Liputan6.com, Jakarta - Sebuah studi terbaru mengungkapkan bahwa perubahan iklim yang meliputi gelombang panas, banjir, dan kebakaran hutan akut dapat berdampak terhadap penurunan pendapatan global sebesar sekitar 19 persen hanya dalam kurun waktu 26 tahun ke depan.

Sayangnya, seperti dilansir CNN, Jumat (19/4/2024), fakta ini tidak hanya akan berdampak pada pemerintah dan perusahaan besar.

Menurut Perserikatan Bangsa-Bangsa (PBB), dunia akan mengalami peningkatan pemanasan global sebesar hampir 3 derajat pada abad mendatang, bahkan dengan adanya kebijakan dan tujuan iklim saat ini – dan para peneliti mengatakan bahwa setiap individu dapat menanggung beban ekonomi tersebut.

Dalam penelitian yang diterbitkan di Nature pada Rabu (17/4), mengatakan bahwa penderitaan finansial dalam jangka pendek tidak dapat dihindari, bahkan jika pemerintah meningkatkan upaya untuk mengatasi krisis ini dari sekarang.

"Dampak-dampak ini tidak dapat dihindari karena tidak dapat dibedakan dalam berbagai skenario emisi di masa depan hingga tahun 2049," kata peneliti dari Potsdam Institute of Climate Impact Research, Maximilian Kotz dan Leonie Wenz.

Namun, mereka mengatakan tindakan segera untuk mengurangi perubahan iklim dapat membendung sejumlah kerugian finansial dan risiko kemiskinan dalam jangka panjang.


Berdampak Terhadap Perekonomian Global

Pakistan mengalami peningkatan kejadian cuaca ekstrem karena bergulat dengan dampak perubahan iklim. (Abdul MAJEED/AFP)

Noah Diffenbaugh, seorang profesor dan peneliti lingkungan di Universitas Stanford, mengatakan dampak ekonomi akibat perubahan iklim akan terjadi dalam berbagai bentuk.

Peristiwa cuaca ekstrem tidak hanya mengakibatkan biaya perbaikan yang mahal pada properti yang rusak, namun peningkatan suhu juga dapat berdampak pada pertanian, produktivitas tenaga kerja, dan bahkan kemampuan kognitif dalam beberapa kasus.

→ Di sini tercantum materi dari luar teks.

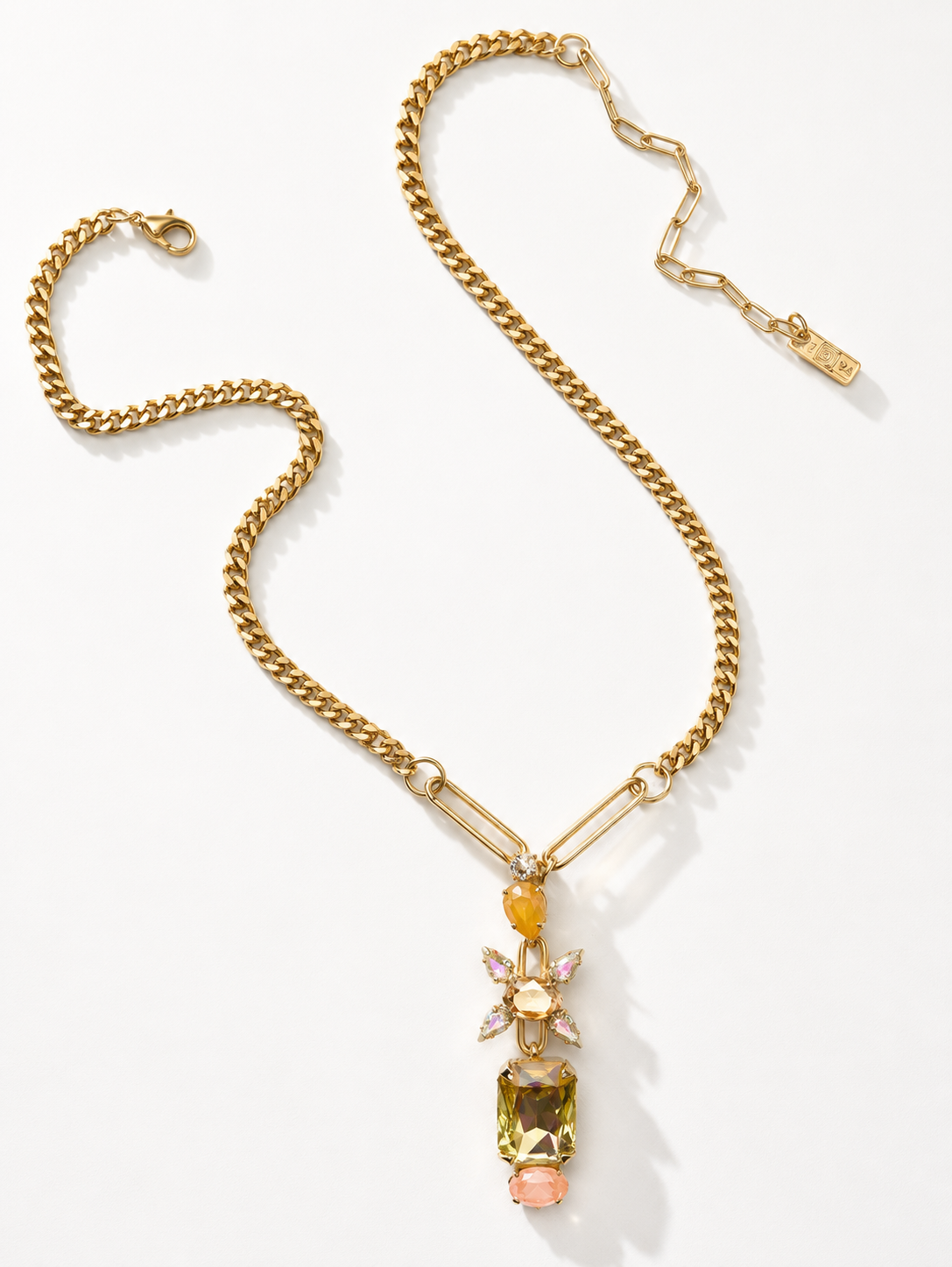 TOVA Sylwen Necklace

Meskipun wacana mengenai dampak perubahan iklim sering merujuk pada upaya mitigasi yang berpotensi mahal seperti membatasi penggunaan minyak dan gas atau teknologi untuk menghilangkan polusi karbon dari udara, berinvestasi pada teknologi yang lebih ramah lingkungan, studi ini berpendapat bahwa kerugian finansial jangka pendek yang ditimbulkan oleh perubahan iklim sudah melebihi biaya yang dikeluarkan untuk menyelesaikan krisis ini.

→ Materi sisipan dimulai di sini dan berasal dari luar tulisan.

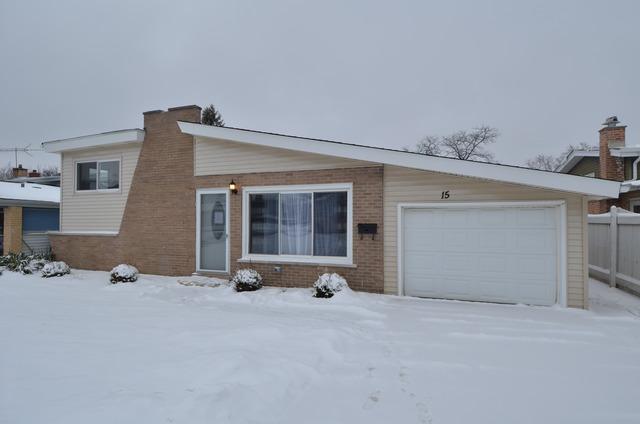 15 E Peiffer Ave., Lemont, IL 60439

Para peneliti memperkirakan perekonomian global akan memerlukan biaya sebesar USD 6 triliun pada tahun 2050 untuk mematuhi Perjanjian Iklim Paris—perjanjian internasional antara hampir 200 negara untuk mengatasi perubahan iklim—dibandingkan dengan perkiraan kerugian ekonomi akibat perubahan iklim yang diperkirakan sebesar USD 38 triliun dalam studi tersebut.

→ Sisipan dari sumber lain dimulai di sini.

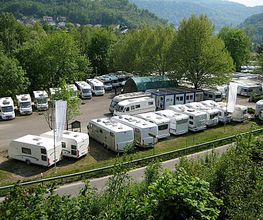 CHAPUY CARAVANING AG Bild 2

"Adaptasi dapat menawarkan cara untuk mengurangi kerusakan ini," kata peneliti dari Potsdam Institute of Climate Impact Research, Maximilian Kotz dan Leonie Wenz.


Pentingnya Upaya Pengendalian Perubahan Iklim

Ilustrasi Penyebab Perubahan Iklim Credit: pixabay

Bernardo Bastien, peneliti di Scripps Institute of Oceanography di University of California San Diego, mengatakan bahwa strategi adaptasi, yaitu pendekatan yang dirancang bukan untuk mengurangi perubahan iklim, namun untuk merespons dengan membatasi dampak negatifnya, dapat membantu menghemat uang untuk jangka waktu yang lebih lama.

Bastien mencontohkan perusahaan utilitas di negara bagian California yang mematikan jaringan listrik untuk mencegah kebakaran hutan.

"Ketika Anda mematikan jaringan listrik, Anda mematikan industri dan mematikan banyak rumah tangga yang menggunakan listrik untuk kesejahteraan mereka," kata Bastien.

"Ini sangat mahal tapi sangat diperlukan."

Meskipun penelitian ini menyimpulkan bahwa dampak ekonomi akan terjadi sebelum tahun 2049, penulisnya berpendapat bahwa manfaat dari pengendalian perubahan iklim akan muncul dalam beberapa dekade ke depan.

"Perkiraan kerusakan sangat berbeda antar skenario emisi setelah tahun 2049, sehingga menunjukkan manfaat yang jelas dari mitigasi hanya dari sudut pandang ekonomi," kata studi tersebut.


Bakal Lebih Berpengaruh Terhadap Orang Miskin

Selain itu, lanjutnya, tren pemanasan global dan perubahan iklim, gelombang panas heatwave semakin berisiko berpeluang terjadi 30 kali lebih sering. Kemudian dominasi monsun Australia, Indonesia memasuki musim kemarau. (Liputan6.com/Angga Yuniar)

Namun, dampak finansial tidak akan terjadi secara merata.

Diffenbaugh, yang tidak terkait dengan penelitian ini, mengatakan bahwa meskipun penelitian yang menunjukkan dampak agregat perubahan iklim penting, "di dalam dampak agregat tersebut terdapat kesenjangan yang sangat mencolok mengenai siapa yang paling terkena dampak perubahan iklim."

"Kami mempunyai bukti jelas bahwa secara keseluruhan, masyarakat miskin lebih dirugikan," katanya.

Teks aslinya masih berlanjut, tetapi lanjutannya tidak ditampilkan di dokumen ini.